In an increasingly digital age, Tim Cook feels there's something refreshing about the tangibility of a book. He's spent over 30 years in higher education and finds solace in its "old school" format.
Cook, who recently moved from Vancouver, Washington to West Linn and has served as the president of Clackamas Community College since 2018, has made it his goal to pass on that love through his new community library.
After helping create one of 10 such libraries through the Little Free Library program — small boxes where individuals can donate as well as take others' books — through the Rotary Club of Vancouver, Cook has already assembled one outside of his West Linn home. He saw a small library fashioned out of an old newspaper box and elected to try that approach, crafting his own out of an old box from The Columbian.
To stock the library, Cook culled through old books he used to read to his children — all three in their late teens and early-to-mid 20s now. Soon enough, the library's give-and-take ecosystem was flowing without a hitch.

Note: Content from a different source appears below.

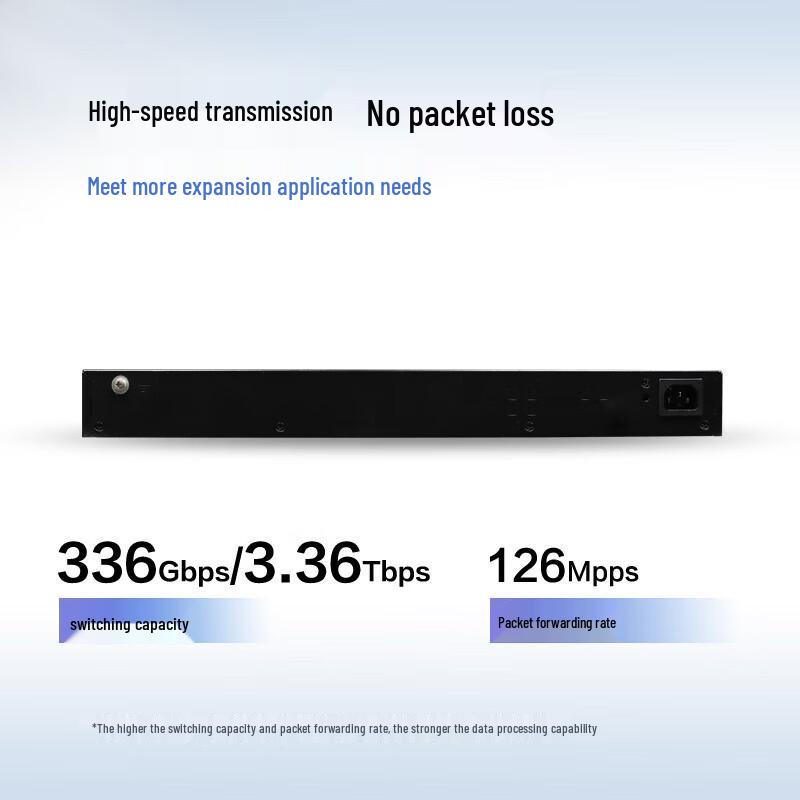 Huawei S-Series Gigabit Managed and Unmanaged PoE Enterprise Switches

"In Vancouver, people used it all the time," he said. "In fact, it was funny — people would leave way more books than they would take. I was constantly donating books and things because we just didn't have enough room for it."

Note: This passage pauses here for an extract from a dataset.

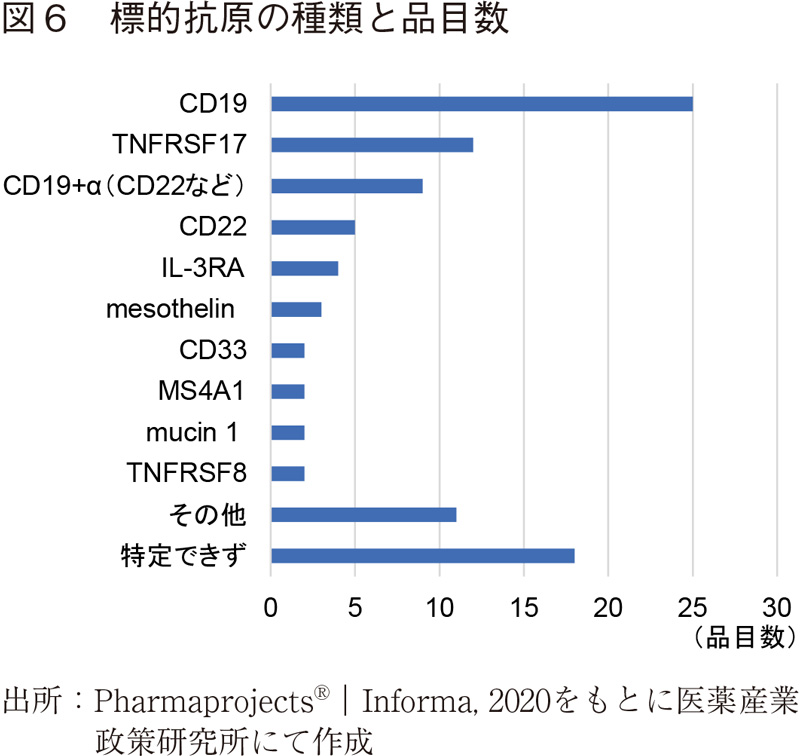 図6 標的抗原の種類と品目数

His West Linn library hasn't been up for long, but so far it's getting plenty of attention, especially from local youth.
"My favorite part I have noticed, and the nice thing about having it at the house, is I can see kids open it up and get excited about grabbing books," Cook said.
Cook was the first member of his family to attend college. He studied education, picking up a bachelor's degree in English at Western Oregon University, a master's in counseling and psychology at Lewis & Clark College and later a doctorate in higher education administration from Oregon State University.

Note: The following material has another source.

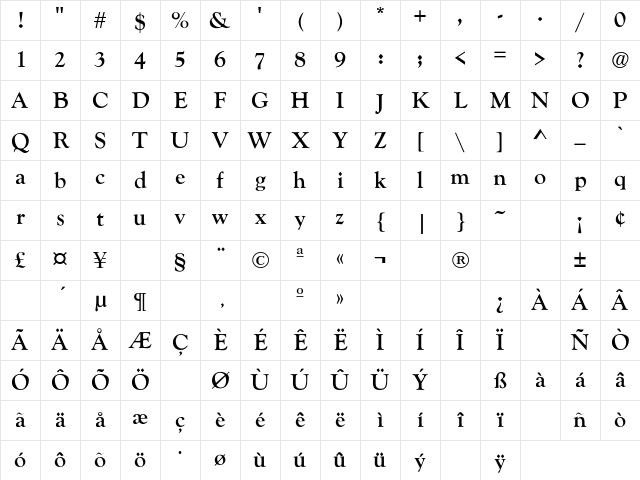 Goudy-Old-Style Regular Character Map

Over the last three decades, he's worked his way up through academia, spending time in a multitude of roles helping young adults make informed choices about their education and navigate the college experience.
After an extended stint at Clark College in Vancouver, Cook pounced at the opening at CCC — located just five minutes from his childhood home.
He hopes to provide youth with the guidance he didn't himself have. He's relished the chance to make a difference wherever possible, he said.
The community library is just another outlet for Cook to pass on his endearment with education.
"(It's) really kind of a fun way to get people reading and connected," he said. "The biggest surprise for me, though, or the most fun part about it, is what I'll find that people put in there. Sometimes I'll just go out and look for a book and pick something that I would have never chosen anywhere else."
Cook said he tends to enjoy psychology books. Thanks to the library, he finds himself reading historical fiction and mystery/crime novels as well.
It's this type of discovery, and the joy in tow, that Cook hopes to instill in others through his new library.